Être bien

Parce qu'on veut tous apprendre à être bien. Dans notre peau, dans notre tête... dans notre vie! Cette section se veut donc un partage d'outils et de réflexions, un accès à des ressources qui, je l'espère, vous seront utiles, comme elles l'ont été pour moi.

3 choses que j’ai apprises – Pénélope McQuade

lundi 28 mars 2016

Chaque mois, des personnalités connues partagent avec vous 3 choses qu’elles ont apprises: des leçons qui les ont fait grandir et des histoires inspirantes!

penelope-mcquade

#1

On ne sait jamais

C’est une chose que je dis de façon très régulière et que j’applique dans ma vie. Dans 10 minutes ou dans 1 an, on ne sait jamais ce qui va arriver. C’est cliché à dire, mais j’ai littéralement senti ce que c’était : ma vie a basculé en 1 seconde avec l’accident. Ce matin-là, même les minutes d’avant, je ne savais pas que je ne retournerais pas chez moi avant 3 mois! On ne sait jamais comment une situation va se dénouer, que ce soit pour un contrat, une chicane ou une nouvelle aventure. On ne peut pas présumer de rien, on peut juste aller avec le flot. Je ne veux pas me dire que ça va bien ou mal aller, je veux juste voir comment ça va vraiment se passer. Ces présomptions-là c’est juste beaucoup de bagage excédentaire qu’on n’est pas obligé de trainer. Ce n’est pas facile, mais ça devient vite un réflexe.

#2

Tout ce qui résiste casse

Au sens propre, je l’ai vécu. Pendant mon accident, j’étais très molle. Je me suis dit « j’ai eu une belle vie, c’est correct si je meurs maintenant. » Je n’étais pas en état de panique, je me suis abandonné à cet événement. À cause de ça, j’ai été beaucoup moins blessée! Quand t’es flexible et malléable et dans l’acceptation, c’est toujours moins pire!

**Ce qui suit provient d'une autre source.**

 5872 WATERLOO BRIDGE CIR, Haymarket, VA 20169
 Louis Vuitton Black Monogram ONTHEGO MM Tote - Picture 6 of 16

Ça fonctionne aussi au sens figuré. J’ai tendance à être anxieuse et en résistance face à la vie : je me bats contre moi-même, contre le changement, contre l’inévitable, contre les choses que je ne peux pas contrôler. Je me braque à l’intérieur. On est souvent en résistance contre un paquet d’affaires. C’est un moyen de protection, mais on ne pourra pas gagner si on se met en position de résistance! Je perds un temps fou et je dépense de l’énergie au lieu de laisser rentrer l’inconfort, de l’accepter! En plus, quand je fais ça, je ne fais que retarder le moment où je vais devoir m’adapter, que je vais devoir être flexible… Parce que tu ne peux pas l’éviter! La seule chose que tu peux faire, c’est rendre le processus plus facile en ne résistant pas et en étant dans l’acceptation de l’état dans lequel la situation te met, même si c’est de l’inconfort.

#3

Vivre le plus près de ses valeurs profondes

Ça, je l’ai appris récemment avec mon psy. C’est une grosse affaire qui parait tellement évidente, mais que je n’avais jamais cernée avec précision. La définition du bonheur, c’est simplement de vivre le plus souvent possible près de ses valeurs profondes. Premièrement, tu dois identifier quelles sont tes valeurs profondes : l’amitié? La famille? Le dépassement de soi? Le succès? L’ambition? Ça peut être tellement de choses! Si je m’en vais dans une zone qui va me dénaturer, qui ne m’amène pas plus près de la personne que je veux être, c’est un signal d’alarme. Ce que j’aime de ce truc, c’est que ça stoppe l’action et la pensée négative. Ça demande de prendre un temps d’arrêt pour prendre conscience du moment présent. Parce qu’agir dans l’impulsivité, ça fait du bien juste sur le coup! On est tellement dans une société où ça va vite, les choses sont brusques, elles se font souvent dans l’animosité, on est prompt, c’est important de prendre cette seconde-là pour être maître de ses affaires.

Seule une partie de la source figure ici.